**WORK ORDER**:
Could you repeat the entries below exactly, but only from the line with "Valdosta apartment for" through the line with "Una piscina al", and without any picture?

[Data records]
####
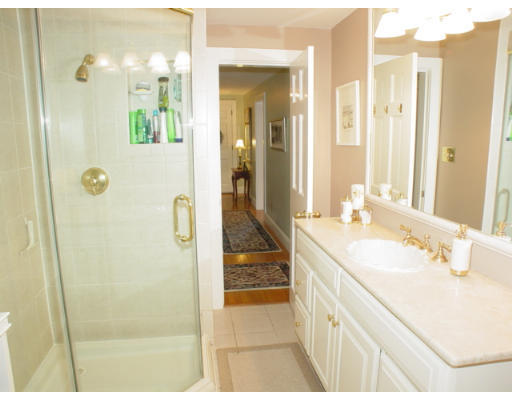 192 Holt Road Andover, MA 01810 - Photo 12 of 24 a bathroom with a sink and mirror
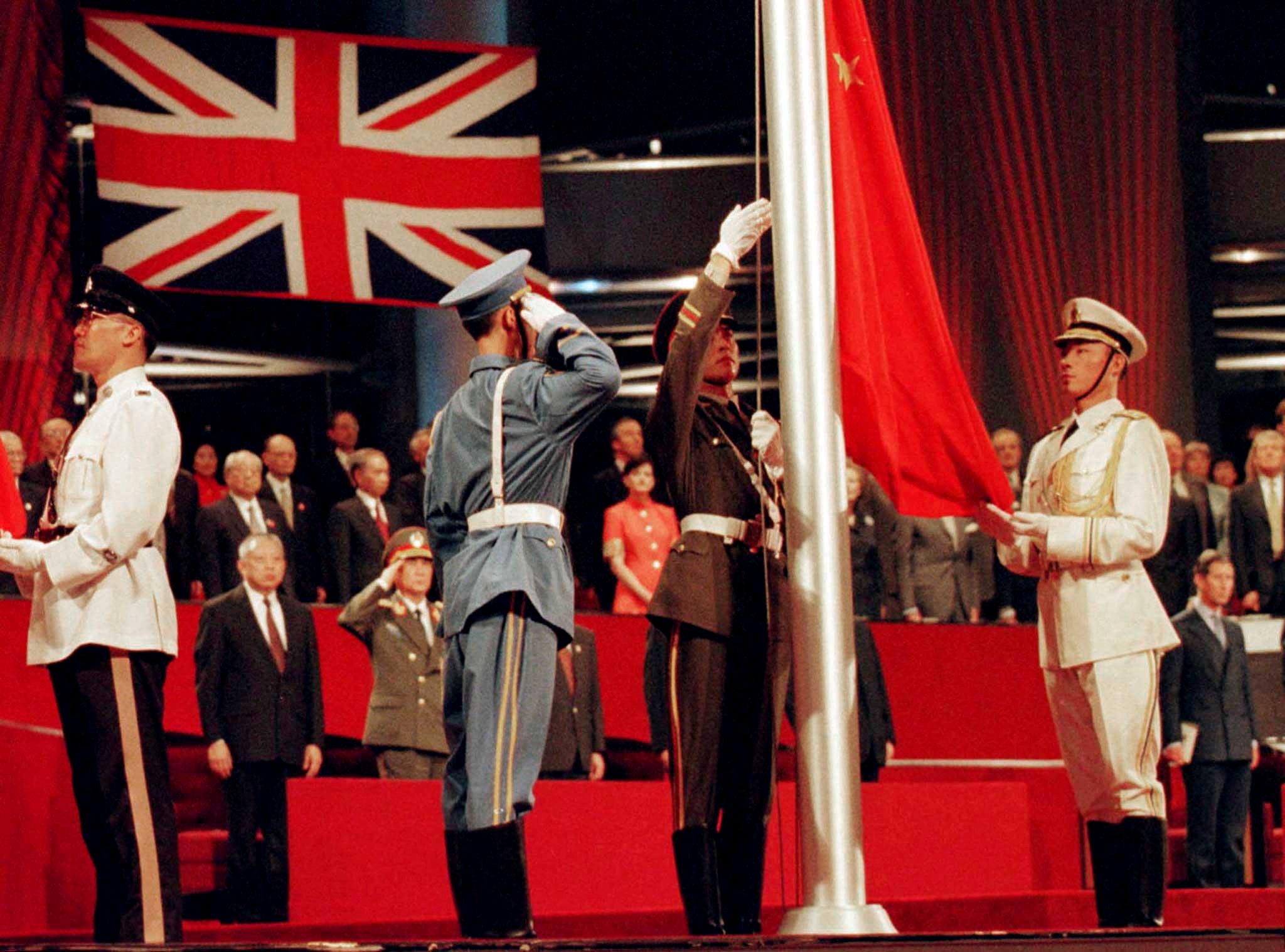 FILE PHOTO: People's Liberation Army soldiers raise the Chinese flag at the handover ceremony in which China regains sovereignty over Hong Kong after 156 years of British colonial rule in Hong Kong on July 1, 1997 (Reuters/Dylan Martinez)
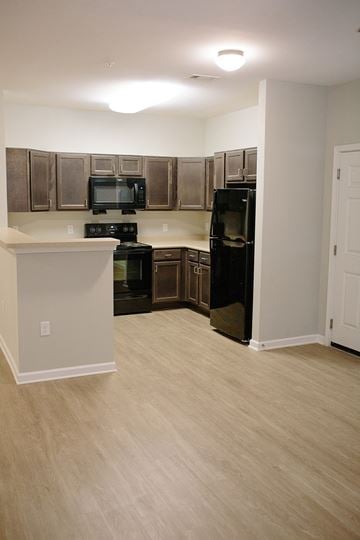 Valdosta apartment for rent - an empty kitchen with black appliances and wood flooring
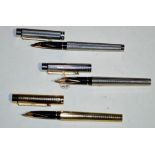 Three Sheaffer fountain pens, two in silver plated chequer-cut cases,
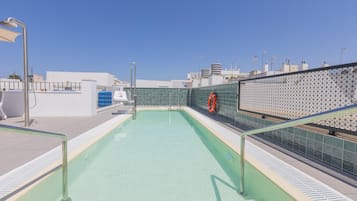 Una piscina al aire libre de temporada, sombrillas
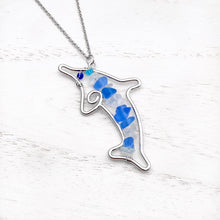 Load image into Gallery viewer, Stacked Sea Glass Dolphin Necklace displayed on a white wooden surface.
####
**RESULT OF THIS EXERCISE**:
 Valdosta apartment for rent - an empty kitchen with black appliances and wood flooring
 Three Sheaffer fountain pens, two in silver plated chequer-cut cases,
 Una piscina al aire libre de temporada, sombrillas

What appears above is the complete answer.